As I grew up, I never questioned why we might work for a better world together. My sense was that what we were doing for Mennonite Central Committee, a worldwide relief agency, we did because it had helped us in our time of need and now we wanted to give back. Whenever we made soap or quilts, or sent care packages or money, something inside me was renewed.

I often wonder if the only way we can ever really transcend the collective evil we endure as people is to do good together. Maybe loving our enemy and repaying harm with good is the only way to achieve true healing—and, in turn, joy.

The Mennonite Turn

My community’s definition of itself based on fear ended up being largely positive. Why did that happen? How did that happen? Are there insights for us as we try to understand how we can deepen community?

You could call this transformation in the community of my youth “the Mennonite turn.” Fear usually begets more fear. While we could have let fear destroy us, we turned away from it and helped those inside and outside our community who were consumed by it. Our pacifist faith taught us that lashing out was not an option, which meant that all we had left was to make things better—at first for ourselves, but then for others too.
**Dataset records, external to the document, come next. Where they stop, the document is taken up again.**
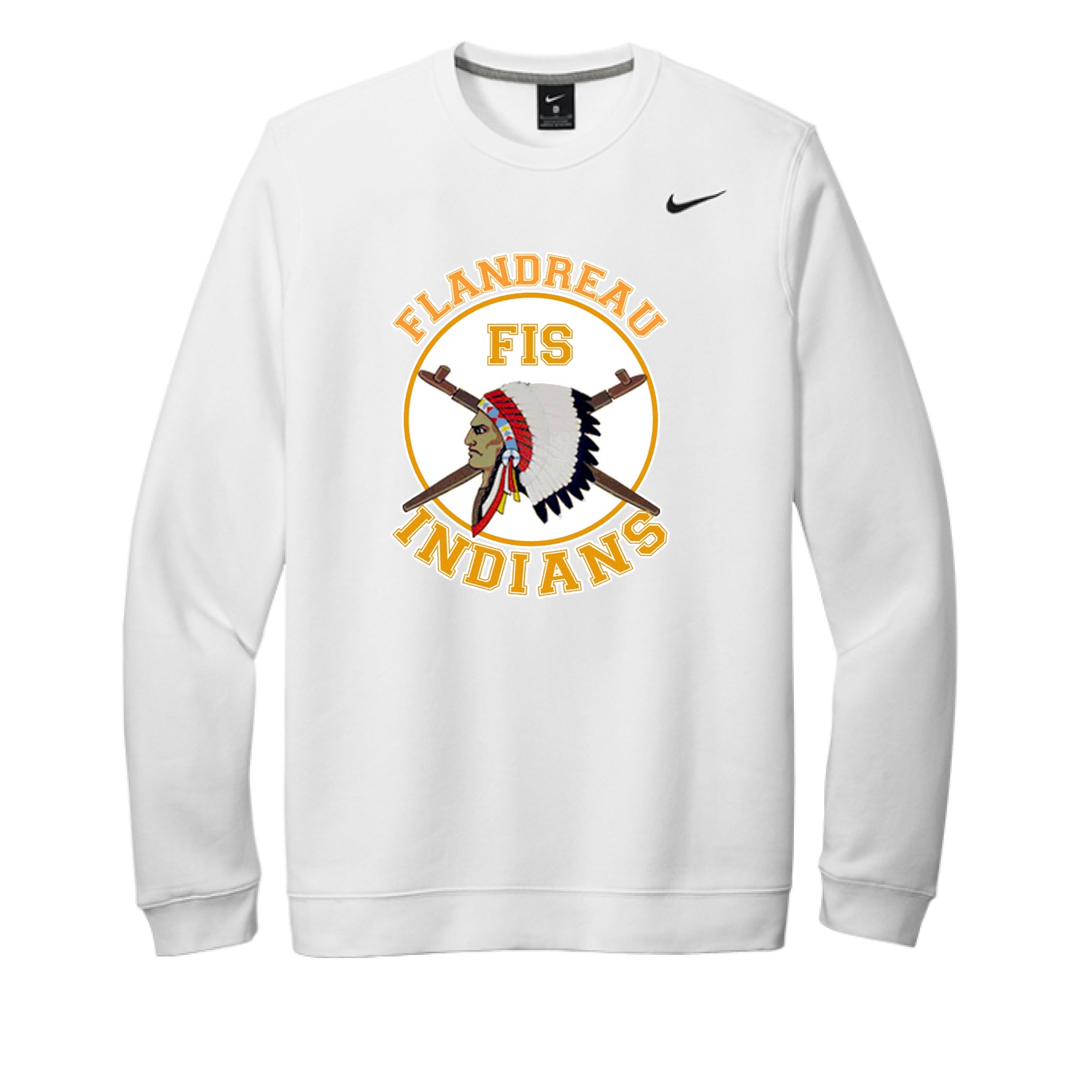White - FRONT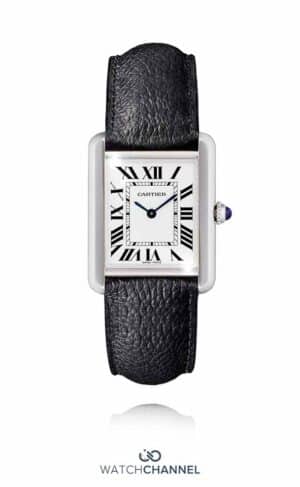 Cartier Tank Solo Quartz 24mm x 31mm WSTA0030 (2020)
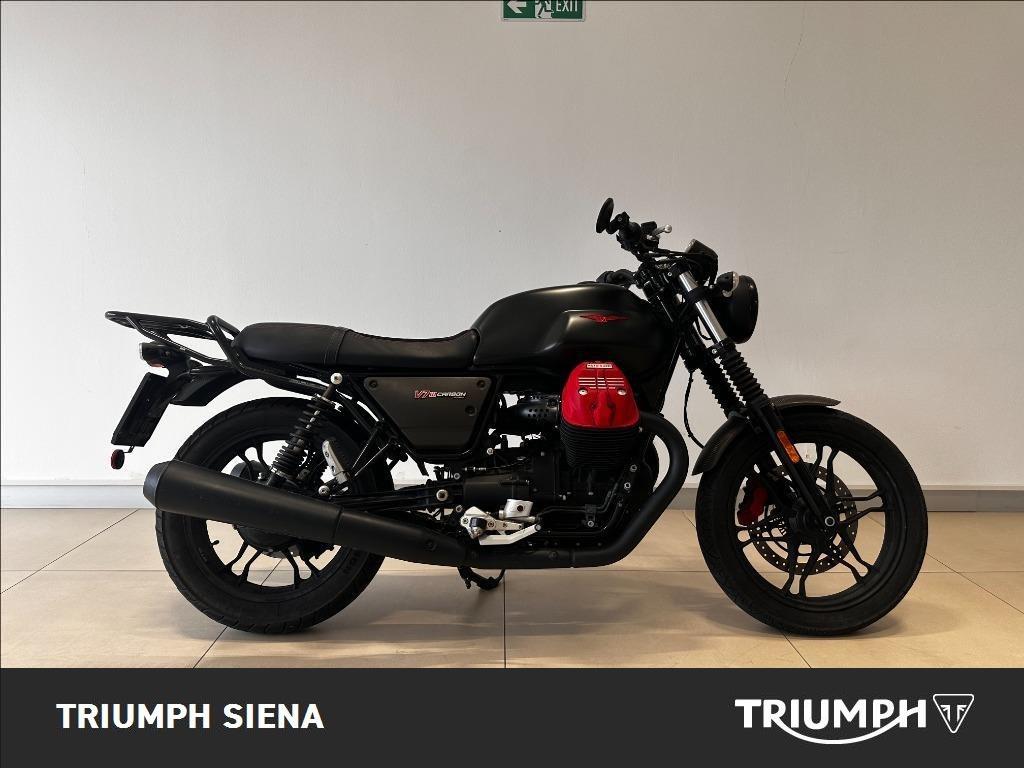 MOTO GUZZI V7 III 750 Carbon Abs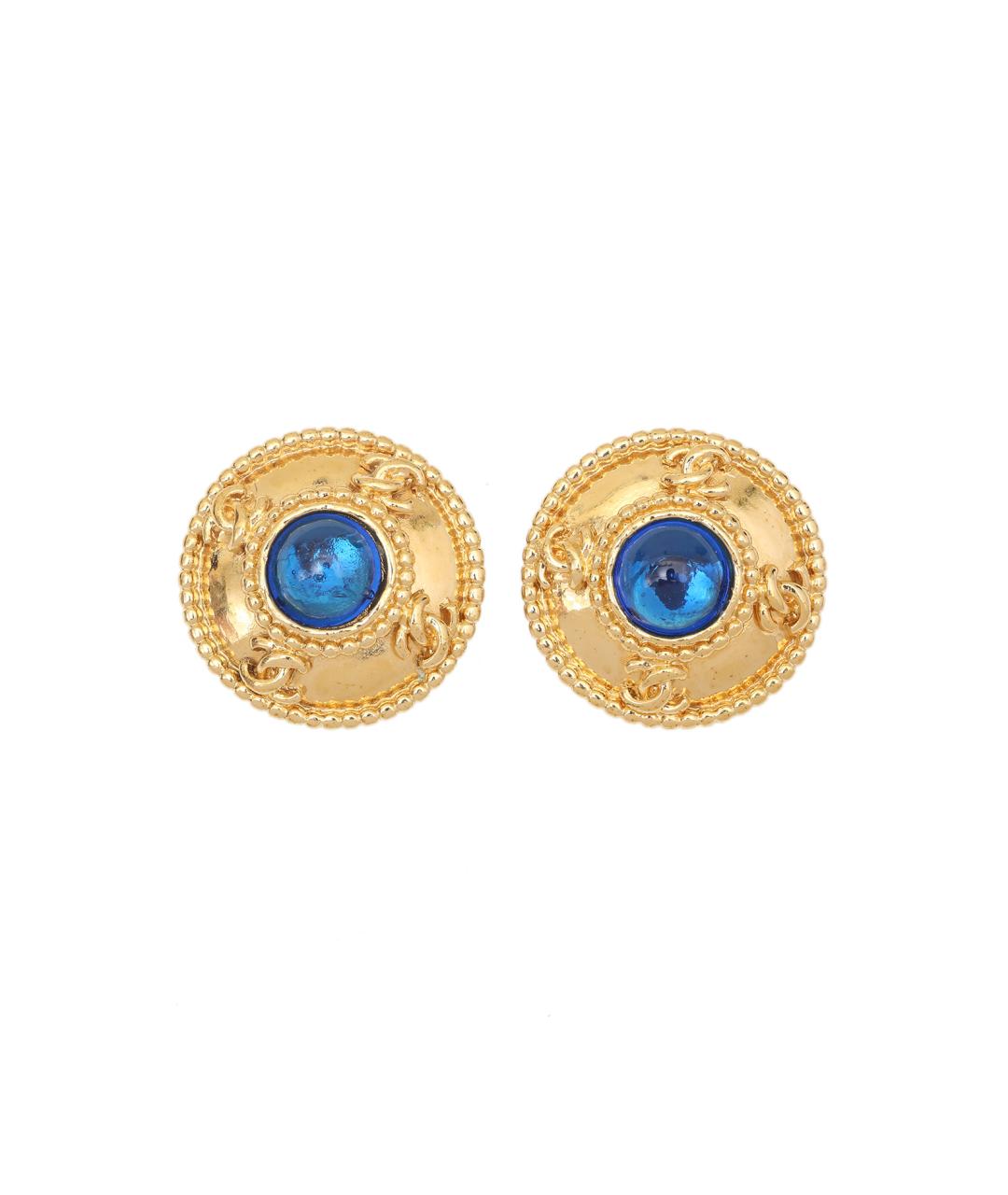 CHANEL Серьги, фото 1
Think about this in our times of high unemployment and underemployment: I never knew a person in our church to lack work or go hungry. We were well organized collectively to prevent this from happening. Helping one another was recognized not so much as “doing good” as expressing our solidarity with those who were in need. Funerals and weddings were catered by the women in our church, which brought the cost of the massive gatherings down to only dollars per person. Whenever there was a need, someone stepped up and helped out the best they could. Creating intentional ways to support one another and to show that we cared for the other was critical to the health of our community. It was more than the right thing to do; it was just what you did. We had experienced so much hardship as a people that we decided, collectively, not to allow such hardship again.

Fear also led us to reach out to others beyond our community. Many Mennonites from Ukraine had been helped by Mennonite Central Committee, an organization formed in the 1920s to address turmoil and famine after the Russian Revolution. This organization grew to help many Mennonites to move from Russia to Canada, Paraguay, and the United States. MCC had helped most, if not all, of the members of our church.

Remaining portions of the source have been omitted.